**WORK ORDER:**
Only one stretch of the listing below is wanted. Begin at the line that has "Cozy autumn composition", stop after the line that has "Kaskadenbrunnen mit dekorativen", and repeat every line in between exactly.
EXERCISE DATA Block Start
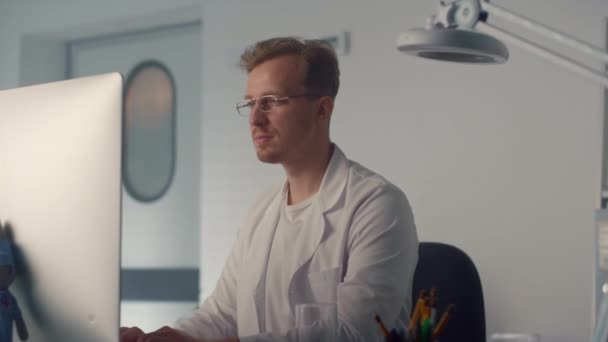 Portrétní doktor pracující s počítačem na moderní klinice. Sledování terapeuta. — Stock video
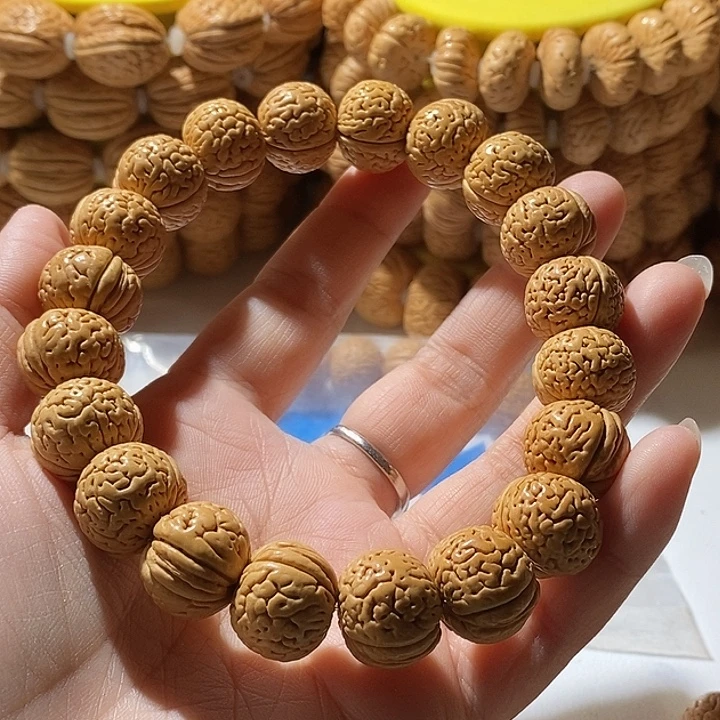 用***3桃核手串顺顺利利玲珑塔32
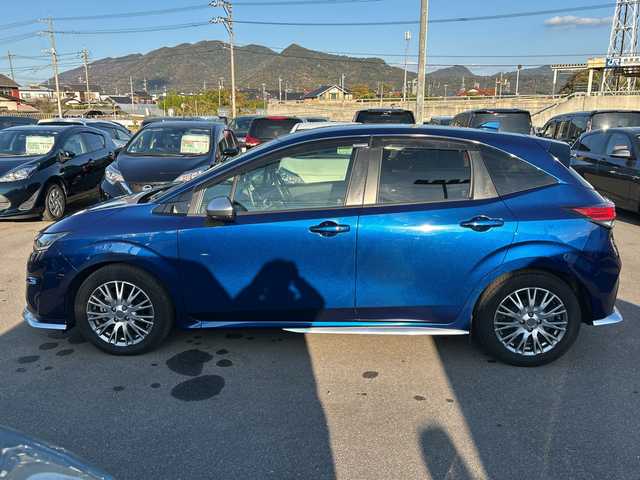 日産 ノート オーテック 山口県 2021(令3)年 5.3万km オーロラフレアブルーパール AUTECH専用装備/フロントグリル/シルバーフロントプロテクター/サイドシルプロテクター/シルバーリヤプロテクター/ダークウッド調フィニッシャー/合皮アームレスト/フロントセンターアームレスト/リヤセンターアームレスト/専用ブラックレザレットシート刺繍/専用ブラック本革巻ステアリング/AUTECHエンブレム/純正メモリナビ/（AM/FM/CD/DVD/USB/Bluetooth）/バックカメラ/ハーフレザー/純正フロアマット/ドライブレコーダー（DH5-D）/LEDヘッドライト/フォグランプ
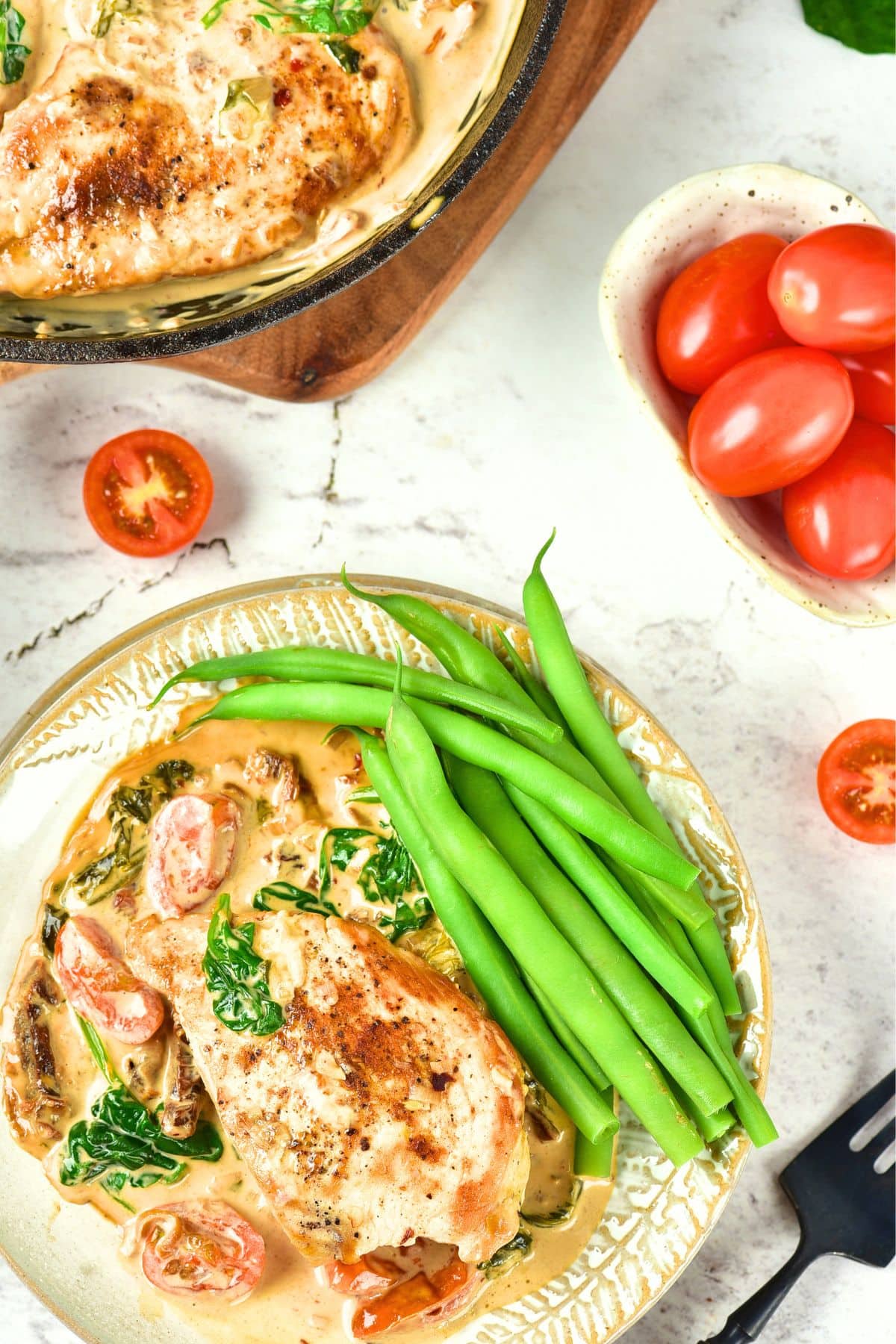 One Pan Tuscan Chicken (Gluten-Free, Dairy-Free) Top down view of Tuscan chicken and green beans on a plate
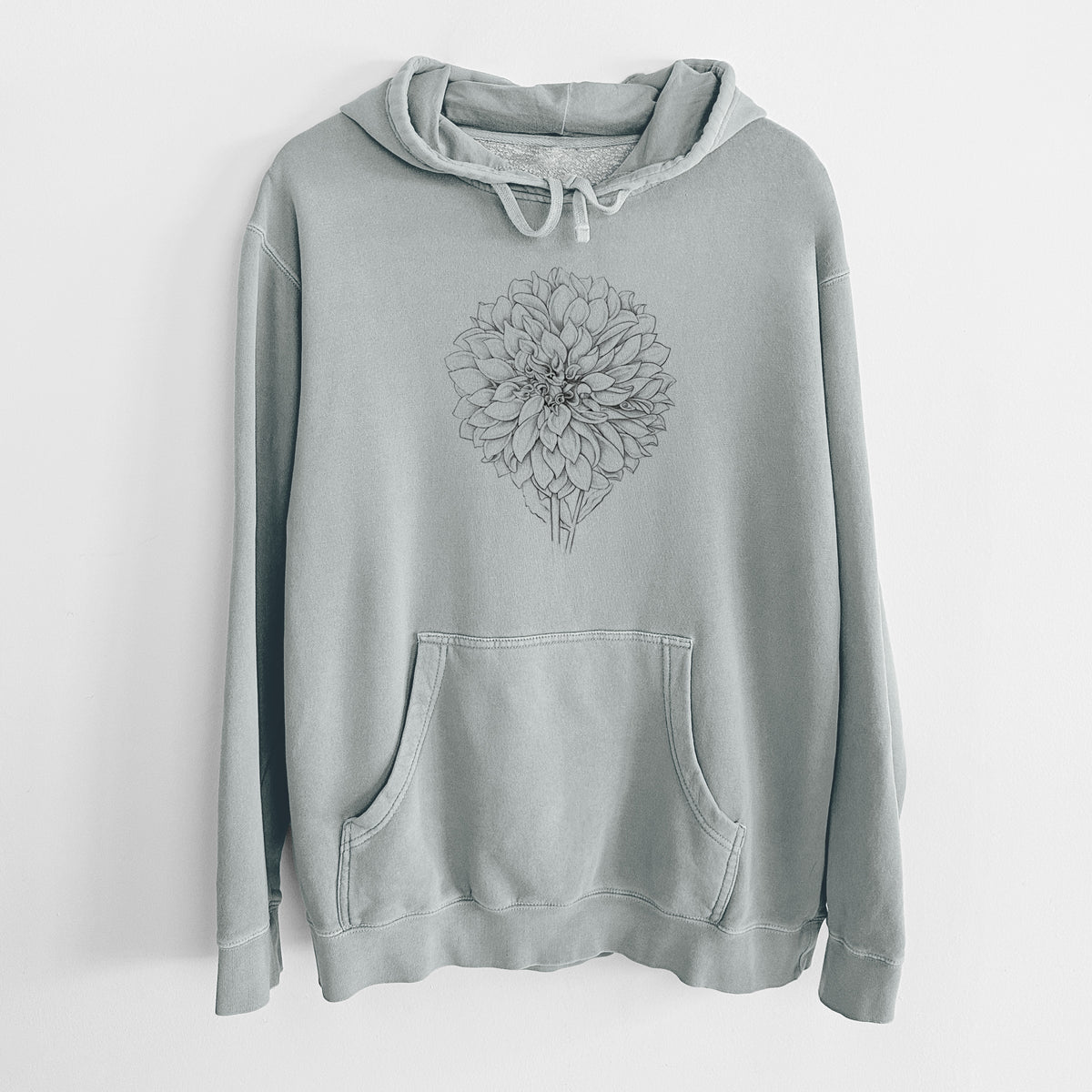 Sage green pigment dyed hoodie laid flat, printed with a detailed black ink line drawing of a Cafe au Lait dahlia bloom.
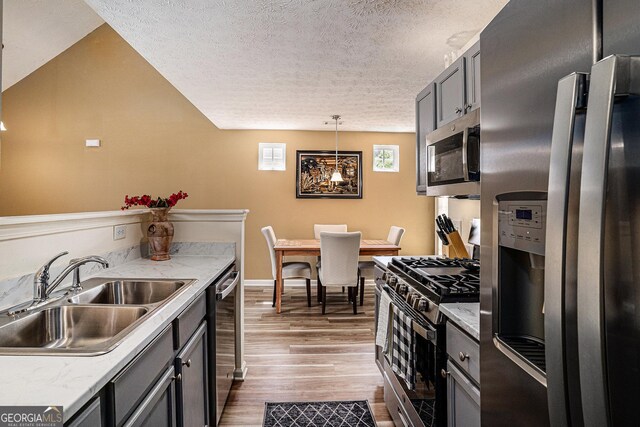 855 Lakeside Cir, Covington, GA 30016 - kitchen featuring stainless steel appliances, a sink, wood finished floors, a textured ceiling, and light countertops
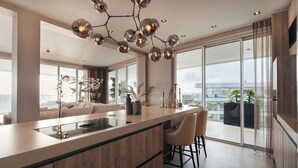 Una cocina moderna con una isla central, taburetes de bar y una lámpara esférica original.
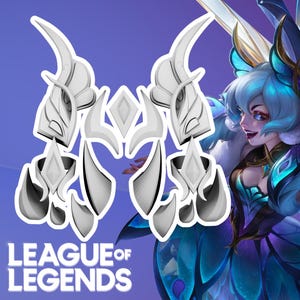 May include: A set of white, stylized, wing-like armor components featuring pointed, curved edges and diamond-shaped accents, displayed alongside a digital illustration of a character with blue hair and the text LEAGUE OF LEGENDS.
EXERCISE DATA Block End
EXERCISE DATA Block Start
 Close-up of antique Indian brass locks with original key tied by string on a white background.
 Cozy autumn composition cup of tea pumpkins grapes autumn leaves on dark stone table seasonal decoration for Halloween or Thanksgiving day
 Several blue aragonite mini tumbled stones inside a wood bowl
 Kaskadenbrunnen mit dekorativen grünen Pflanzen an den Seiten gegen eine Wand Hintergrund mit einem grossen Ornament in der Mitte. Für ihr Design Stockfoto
EXERCISE DATA Block End
EXERCISE DATA Block Start
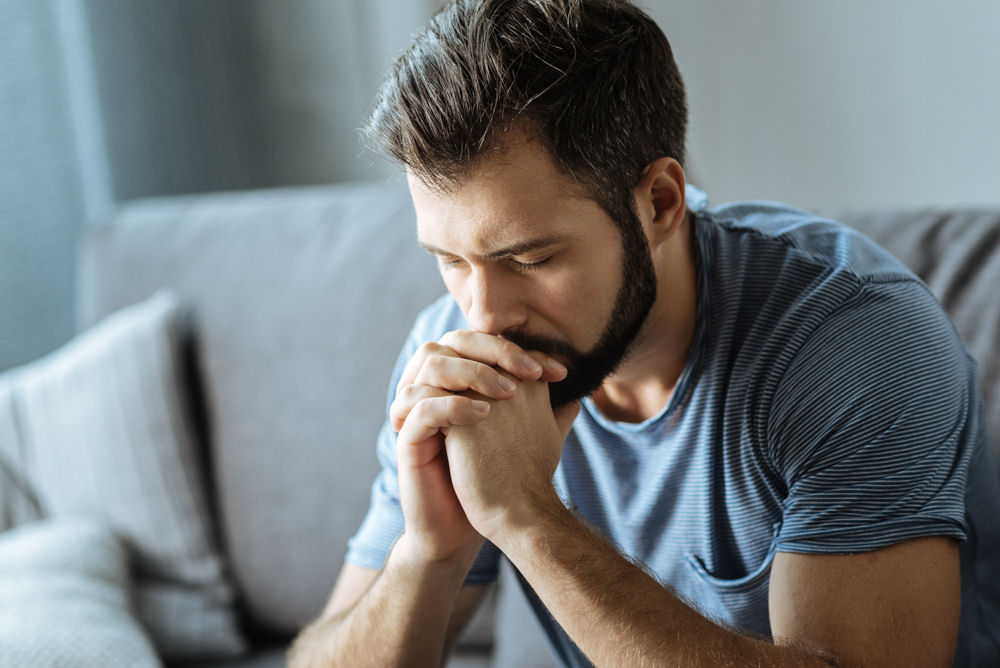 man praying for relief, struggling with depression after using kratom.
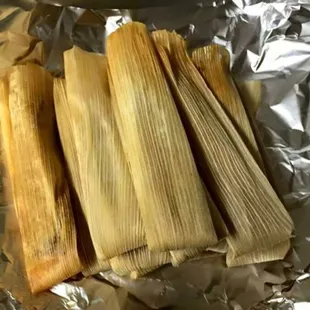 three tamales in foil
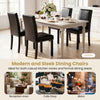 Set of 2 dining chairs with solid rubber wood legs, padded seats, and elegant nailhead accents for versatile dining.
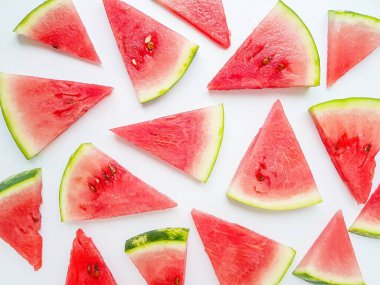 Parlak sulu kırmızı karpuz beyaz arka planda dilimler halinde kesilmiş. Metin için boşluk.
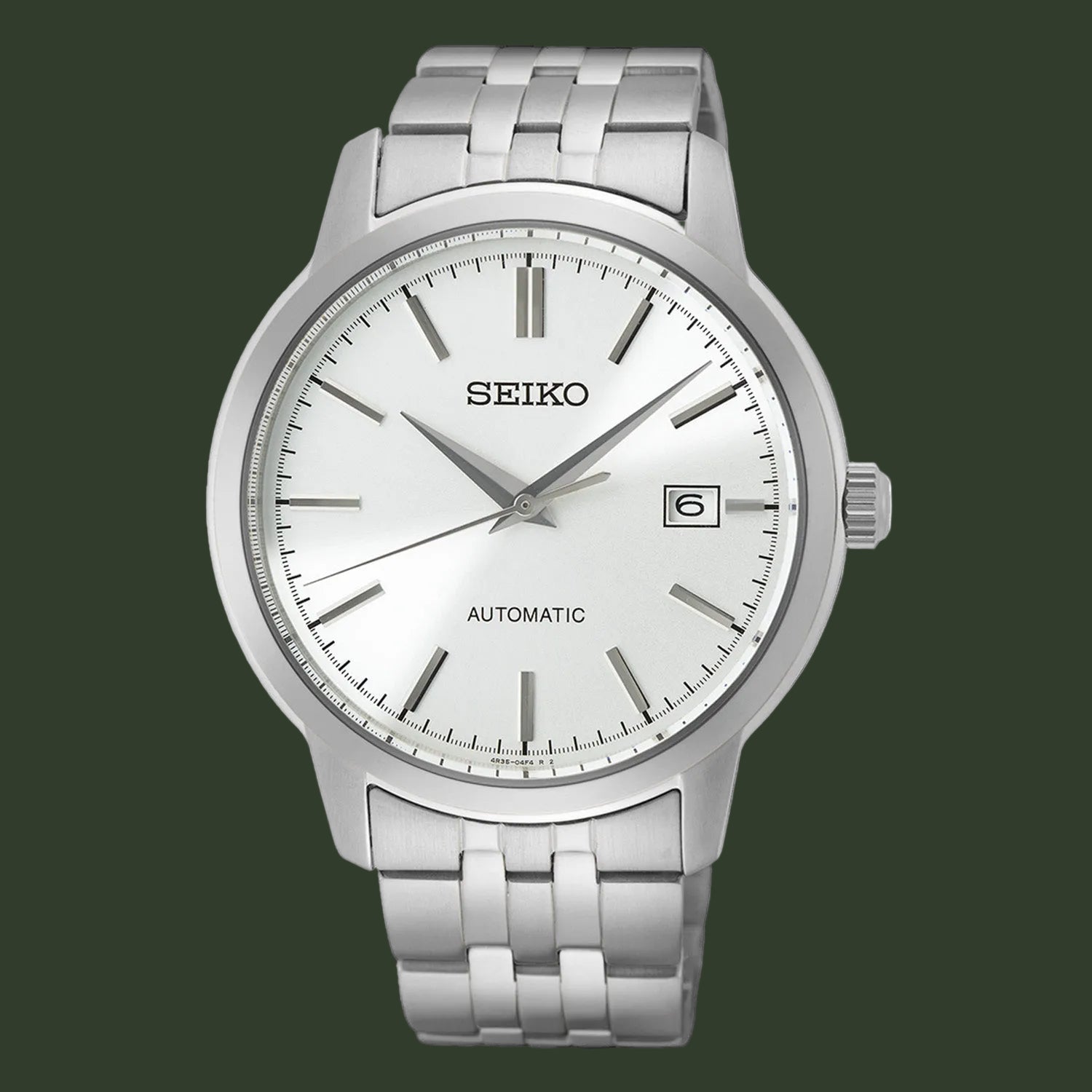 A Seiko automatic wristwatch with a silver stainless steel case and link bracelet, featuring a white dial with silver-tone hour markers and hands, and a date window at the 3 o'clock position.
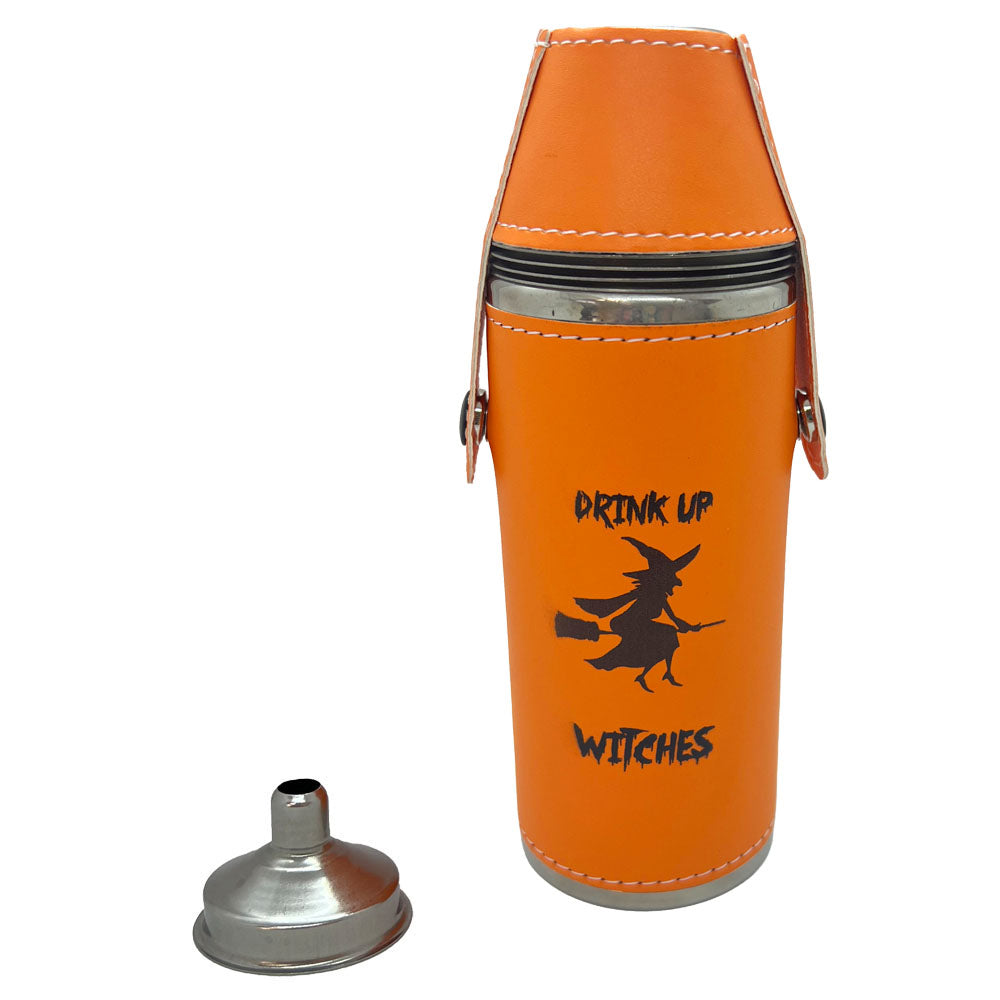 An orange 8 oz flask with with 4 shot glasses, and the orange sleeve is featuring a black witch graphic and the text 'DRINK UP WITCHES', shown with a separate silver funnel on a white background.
EXERCISE DATA Block End
**RESPONSE BELOW:**
 Cozy autumn composition cup of tea pumpkins grapes autumn leaves on dark stone table seasonal decoration for Halloween or Thanksgiving day
 Several blue aragonite mini tumbled stones inside a wood bowl
 Kaskadenbrunnen mit dekorativen grünen Pflanzen an den Seiten gegen eine Wand Hintergrund mit einem grossen Ornament in der Mitte. Für ihr Design Stockfoto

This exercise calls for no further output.